Avi Pardo'yu ve Sönmez Güven'i anmak lazım. Ve tabi ki Algan Sezgintüredi'yi de. Sabri Kaliç gibi toprağa vermeden çevirmenlerimizin değerini teslim etmek, isimlerini görünür kılmak gerekiyor.
Can Yücel'in Hamlet çevirisi güzeldir mesela.Genelde günümüz ingilizcesinden yapılan çevirilerin aksine orijinal halinden çeviri yapmıştır,okunmaya değer.
Yayınevine dikkkat etmek gerektiği kadar, çevirene de dikkat etmek gerekir.
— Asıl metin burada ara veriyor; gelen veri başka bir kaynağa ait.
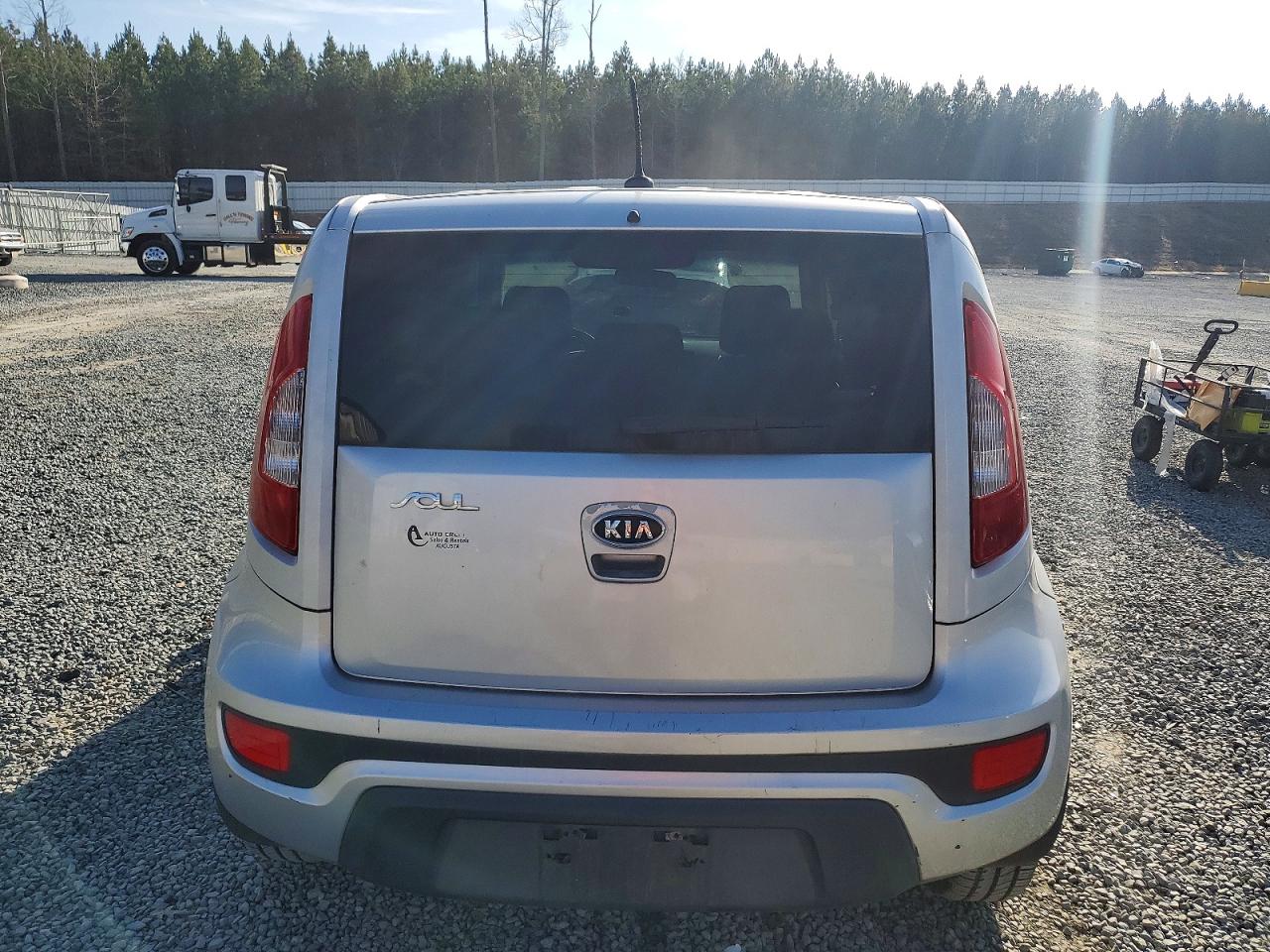 2012 KIA SOUL photo 6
Kendini kanıtlamış, o dilin isim yapmış çevirmenleri vardır, İsmail Yerguz, Nihal Yalaza Taluy, Roza Hakmen, Şadan Karadeniz, Ergin Altay gibi. Çevireni de özenle seçmek gerektiğini düşünüyorum.
Önemsediğim bir konuya daha değinmek istiyorum; genç, henüz yeterince tanımadığımız çevirmenler de var. Örneklemem gerekirse, Zerrin Yanıkkaya'yı harika bir Bolano çevirisiyle tanıdım ve bana yazarın tüm kitaplarını okuma isteği kazandırdı. Bunun gibi değerli çevirmenleri bilemeyebiliriz, ama kitap alırken kapağını ve diğer süslerini önemsemeden, rastgele çeşitli yerlerden bölümler okuyarak da çeviri konusunda bir parça bilgi sahibi olabiliriz. Bence bir kitabı almadan önce onu incelemek için daha fazla zaman ayırmalı.
Konusu açılmışken önemli bulduğum bir yazar-çevirmenden söz edeyim; Aslı Biçen. Çok başarılı çevirilerinin yanında(Dickens-Kasvetli Ev, Müsterek Dostumuz, Swift, Su Diyarı, Salman Rushdie, Geceyarısı Çocukları) İnceldiği Yerden, Elime Tutun, Tehdit Mektupları gibi değerli bulduğum üç roman da yazmış. İnceldiği Yerden'i iki kez okudum. Küçük bir taşra kasabasında, birkaç okur, bir odaya kapanıp, günlerce kitabı irdeleyip, tartıştık.
Çevbir'in kurucu üyesi de olan Aylin Ülçer'in dilinden bal damlar her zaman, su gibi çevirir. "Köpekbalığı Metinleri" adlı müthiş kitabı onun harika çevirisinden okumak büyük bir haz. Sırf o çevirdi diye "Rüyanın Öte Yakası"nı okuyacağım.